» PROBLEM REQUIREMENTS: Copy the data exactly, pictures aside.

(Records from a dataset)
# # #

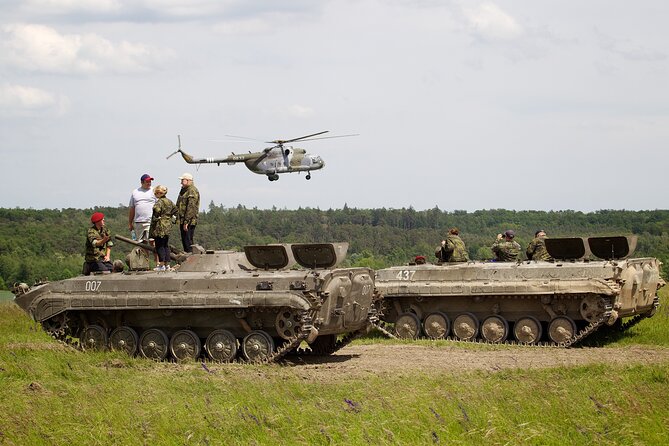 Ride in a BMP tank and military garage tour Prague - Riding the BMP-1 across Milovice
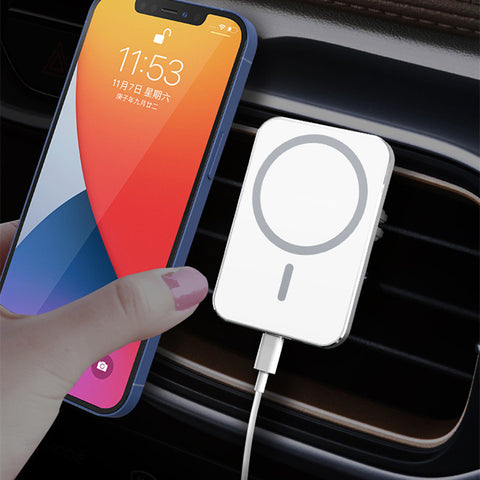 Image of 15W Magsafe Wireless charger use in car air vent holder for mobile phones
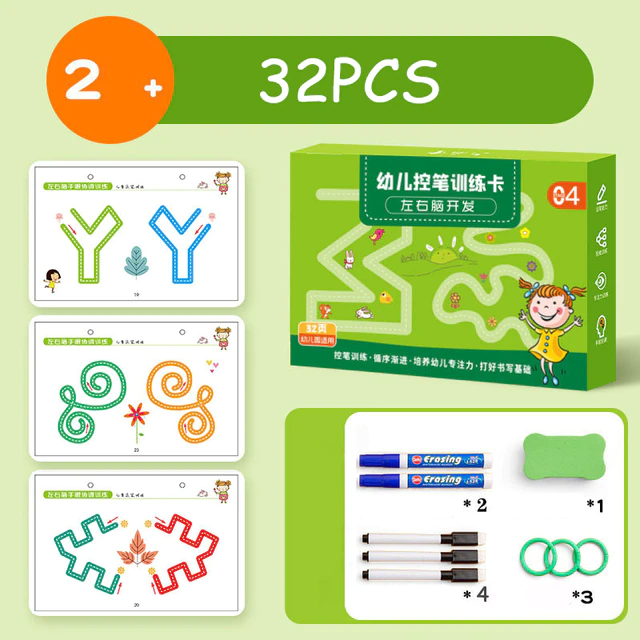 Kinder-Nachzeichnungs-Übungsbuch | Fördert spielerisches Lernen und motorische Fähigkeiten – Spiel- und Lernspaß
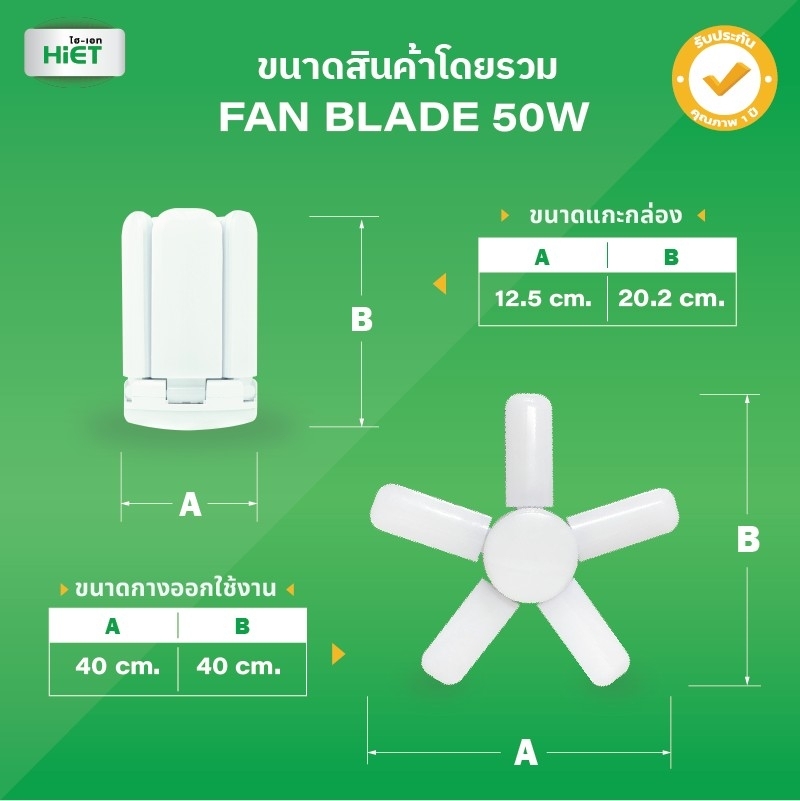HIET หลอด LED  led Fan Blade 50w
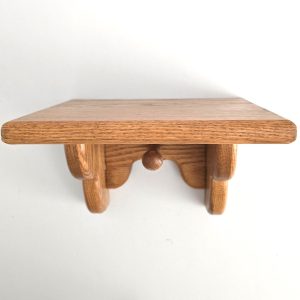 vintage 9" small oak shelf with peg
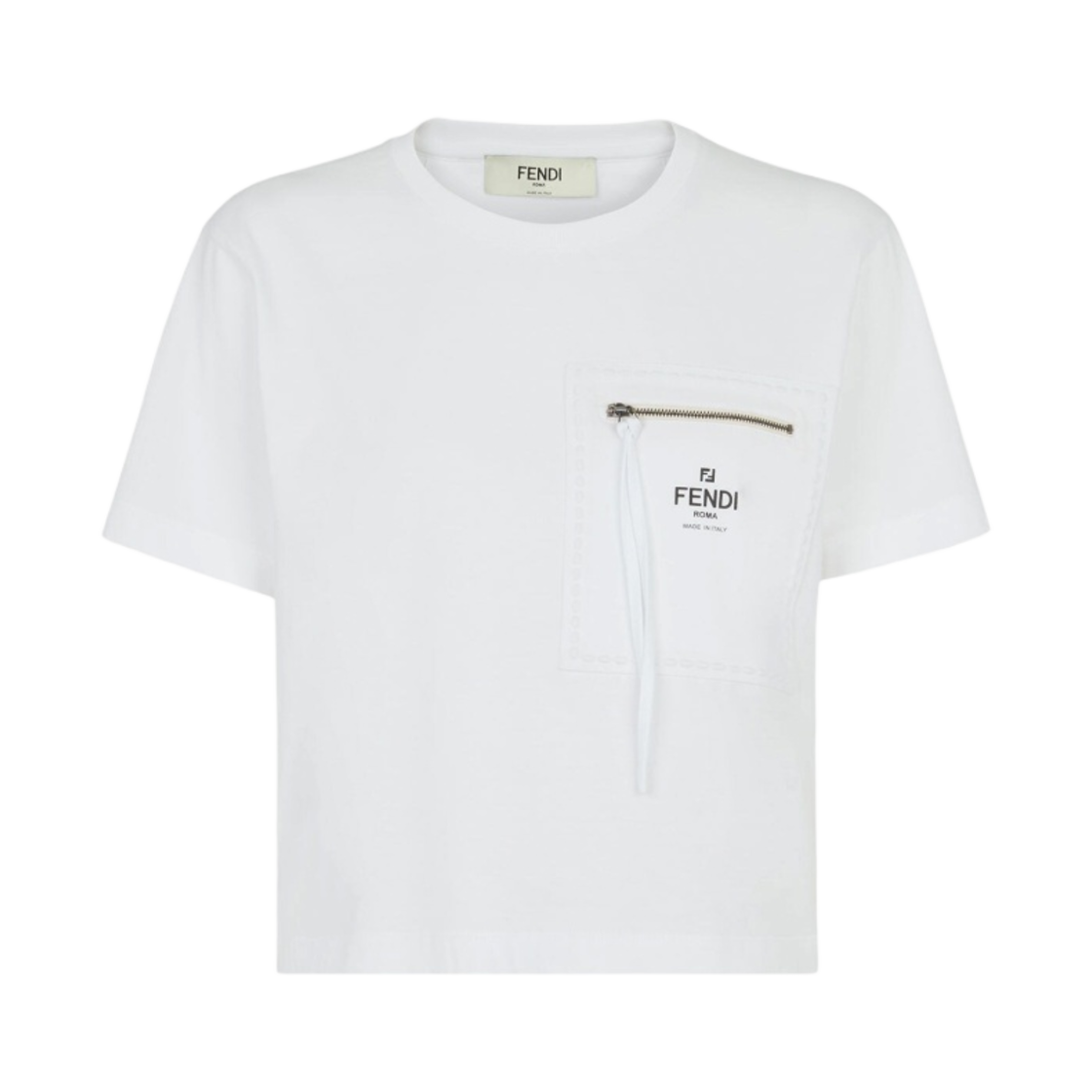 (W) 펜디 저지 크롭 티셔츠 화이트((W) Fendi Jersey Cropped T-Shirt White) - 1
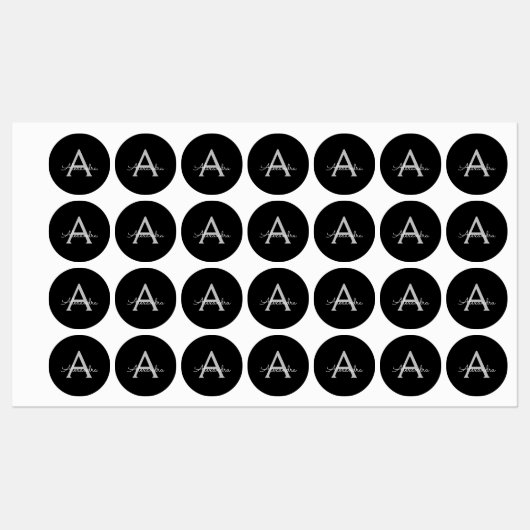 Black Silver Modern Script Girl Monogram Name Etiketten (Blatt)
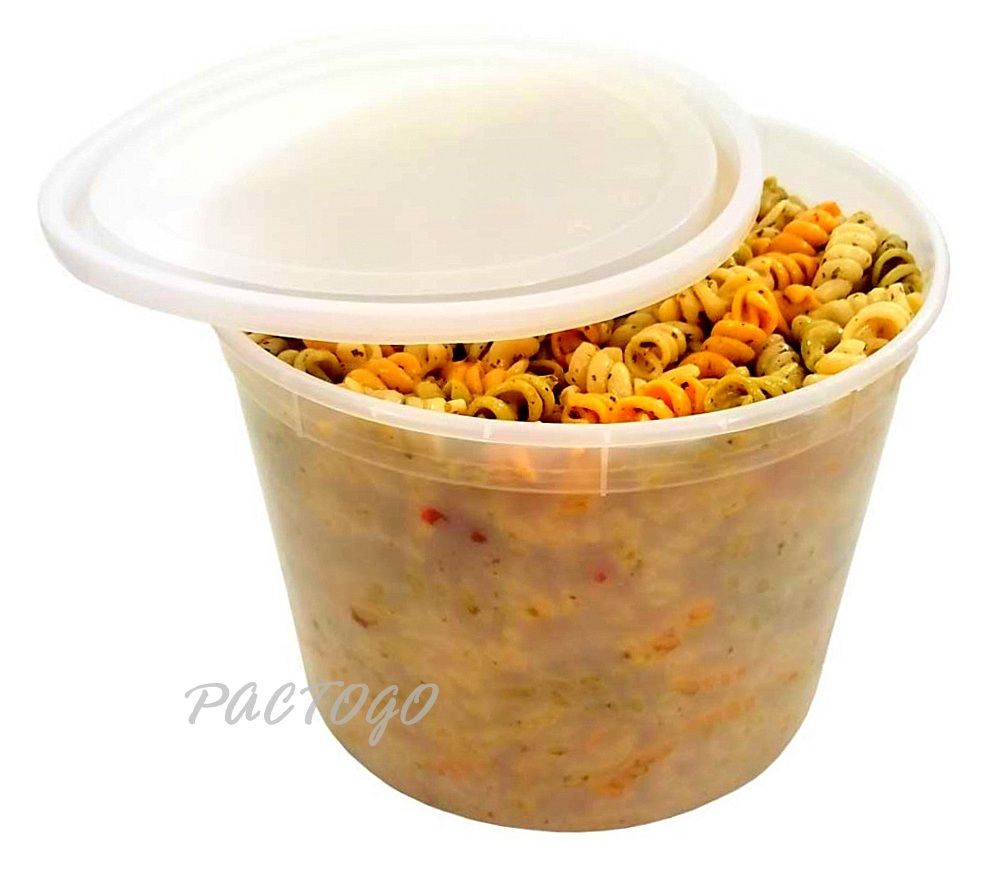 128 oz. Round Microwaveable Deli Container/Tub (Clear) w/Lid 15/PK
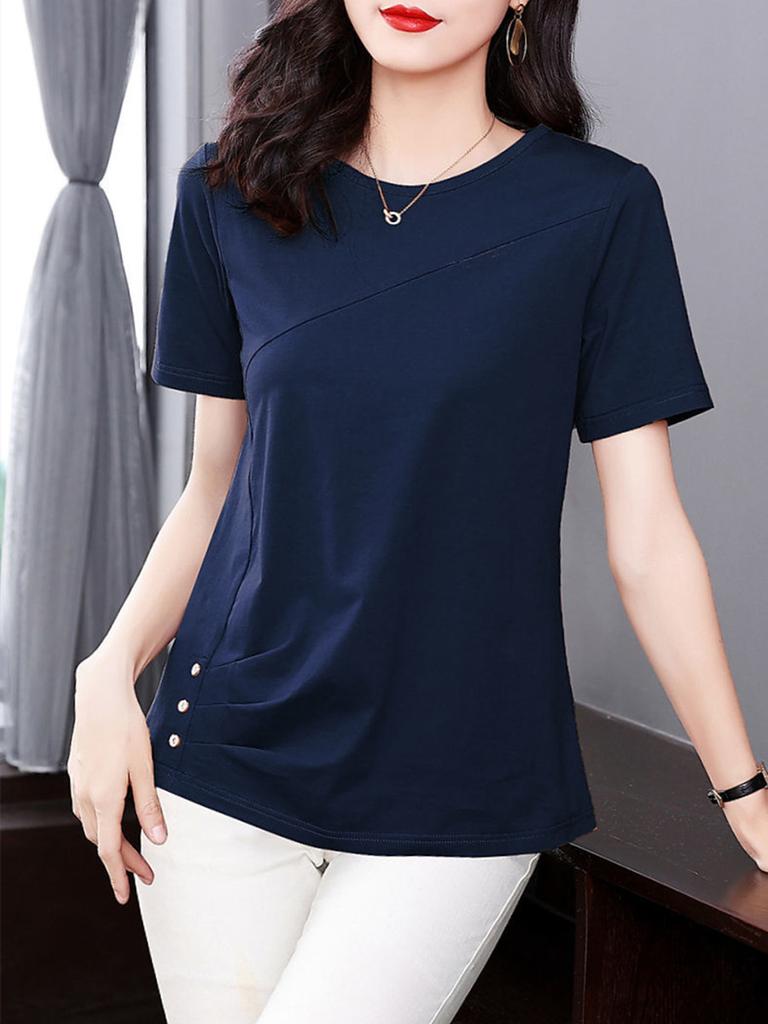 Women Summer Spring Fashion Cotton Blouses Shirts Lady Fashion Casual Short Sleeve O-Neck Solid Color T-shirt Blusas Tops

# # #

» SOLVED EXERCISE:
 Ride in a BMP tank and military garage tour Prague - Riding the BMP-1 across Milovice
 Image of 15W Magsafe Wireless charger use in car air vent holder for mobile phones
 Kinder-Nachzeichnungs-Übungsbuch | Fördert spielerisches Lernen und motorische Fähigkeiten – Spiel- und Lernspaß
HIET หลอด LED  led Fan Blade 50w
 vintage 9" small oak shelf with peg
 (W) 펜디 저지 크롭 티셔츠 화이트((W) Fendi Jersey Cropped T-Shirt White) - 1
 Black Silver Modern Script Girl Monogram Name Etiketten (Blatt)
 128 oz. Round Microwaveable Deli Container/Tub (Clear) w/Lid 15/PK
 Women Summer Spring Fashion Cotton Blouses Shirts Lady Fashion Casual Short Sleeve O-Neck Solid Color T-shirt Blusas Tops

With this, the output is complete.